Fortunately error-diffusion isn’t the only thing that can be used to dither an image. Imagine we want to turn an image composed of a single shade of grey into a dithered version. If the shade is about 30% black then we’d expect 30% of the pixels in the output to be black. The problem is just how we select these 30%. One approach would be to determine the threshold for a pixel to turn black or white depending upon where in the image it is, making sure to pick these thresholds such that they match our intuition about percentages of pixels. This is what’s called ordered dithering, pattern dithering, or positional dithering. A big benefit to not having any context (save for the pattern itself) is that every pixel can be individually processed in parallel on a GPU. On an epaper laptop I assume the GPU will go mostly idle anyways, and since almost all general purpose CPUs nowadays comes with a GPU it would be a shame not to utilise it. For such ordered dithering there are many different patterns we can use, perhaps the most well known being a Bayer matrix. Compared to error-diffusion algorithms though, the result is a bit lacklustre:

This doesn’t suffer from the dependency problem, nor the warm-up problem. But we have some new problems, the first of which I call the pattern problem. As you can see the pattern of the dithering mask is clearly visible in this image, which can be quite distracting. The error-diffusion algorithms also suffers from various degrees of the pattern problem, but it’s more obvious here as the Bayer matrix is a very small pattern, so the repetition is clearly visible. An alternative to avoid the obvious patterning is to use a blue noise pattern:

Because the “pattern” here is just noise it is no longer as discernible in the output, in this image the pattern is the same size as the image. If you tiled a smaller pattern you could be able to discern some structure, especially in large single colour areas, but a lot of the repetition is hidden by the noise. Since the size of the monitor is known I can easily just create a blue noise pattern for the entire screen, so this test is more realistic. The second problem is what I call the transition problem. Since there is no context from surrounding pixels hard edges are often softened up. Especially the text is harder to read compared error-diffusion dithering because the hard edges are preserved better and even the Bayer matrix performs better because the pattern is much less organic. The boxes around the text and along the bottom also has fuzzier borders, and even Davids sharper features are a bit softened. Applying a different threshold to every pixel like what both the Bayer matrix and blue noise does will indeed give us the right amount of black pixels, but in a way it means that we lose resolution. The sharp transitions from one colour to another doesn’t quite resolve properly and appear noisy in the output image.

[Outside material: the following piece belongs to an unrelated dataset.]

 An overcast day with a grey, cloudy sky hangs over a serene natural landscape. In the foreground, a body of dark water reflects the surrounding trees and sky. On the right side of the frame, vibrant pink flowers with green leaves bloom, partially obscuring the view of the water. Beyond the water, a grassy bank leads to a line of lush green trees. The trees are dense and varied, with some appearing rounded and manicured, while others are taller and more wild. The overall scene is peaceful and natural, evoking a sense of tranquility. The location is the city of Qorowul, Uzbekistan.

Another algorithm fitting in with ordered dithering is a dither which uses some simple functions to generate what is effectively a pattern on demand. This is nice if you don’t have memory for the pattern, but for my use case it would probably be faster to use the algorithms to generate a pattern and then do the dithering on the GPU. The visual results are somewhere between Bayer and blue noise, here the 3rd pattern is shown:

There is a bit of the patterning problem, although less than with the Bayer matrix. There’s also some of the transition problem, but the increased pattern means it appears less like a blur and more like an artefact for better or worse.

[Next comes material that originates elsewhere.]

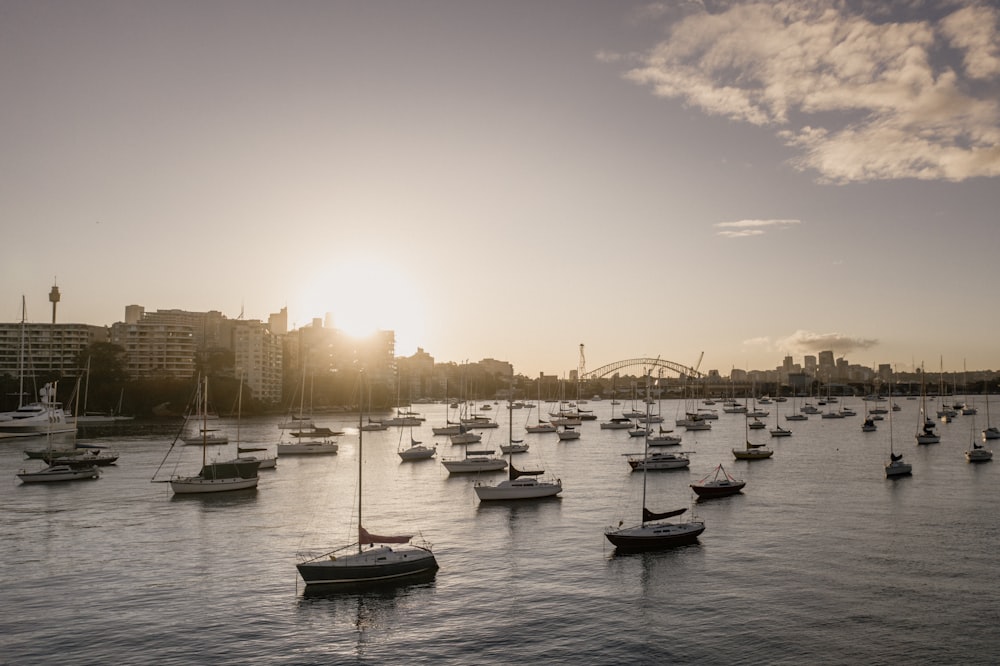 white and black boat on body of water during sunset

I’ve spent a lot of time trying to squeeze more graphical fidelity out of these ordered dithering methods. For example the resolution of the panel I’m using is high enough that a perfect chequerboard looks almost indistinguishable from the 50% grey colour in the 16 colours mode. This means that the Bayer matrix dithering actually looks better on the panel itself than if you’re looking at this on a regular screen. It also means that the blue noise pattern looks slightly worse since it never features this pattern. So I tried to create a hybrid, a blue noise pattern, but reorganised such that it would create chequerboard grey. It works in the sense that it creates that nice chequerboard for the 50% grey, but it now has some clustering which doesn’t look great. All in all I’d say it’s about par on the real panel, maybe only a touch better. When using methods that feature chequerboard grey, which the Floyd-Steinberg method also does, I’ve found that applying a slight filter that pushes colours towards full black, half grey, and full white will make certain scenes better. Certainly something I will experiment more with in the future.

I also tried to use some edge-detection algorithms and use the result of those to influence a blue noise pattern, in this way hoping to get slightly crisper edges while still retaining that organic look. It does work, but I’ve struggled with tuning all the parameters right to get a good effect. The pattern used for the above image is made by creating an edge-detection of the input manually in GIMP with the “Difference of Gaussians” method which was then level adjusted to be more more black and white. This edge-detection was then used as a mask for a half grey image over the blue noise pattern. A half grey pattern is the same as simple thresholding so essentially this makes it so that hard edges switches to thresholding while the rest is blue noise dithered. The effect is subtle, but it does reduce the transition problem making the text slightly easier to read, and the crispness of Davids features are slightly improved. However these edge-detection algorithms aren’t computationally cheap, and I’m not sure if the juice is worth the squeeze so to say.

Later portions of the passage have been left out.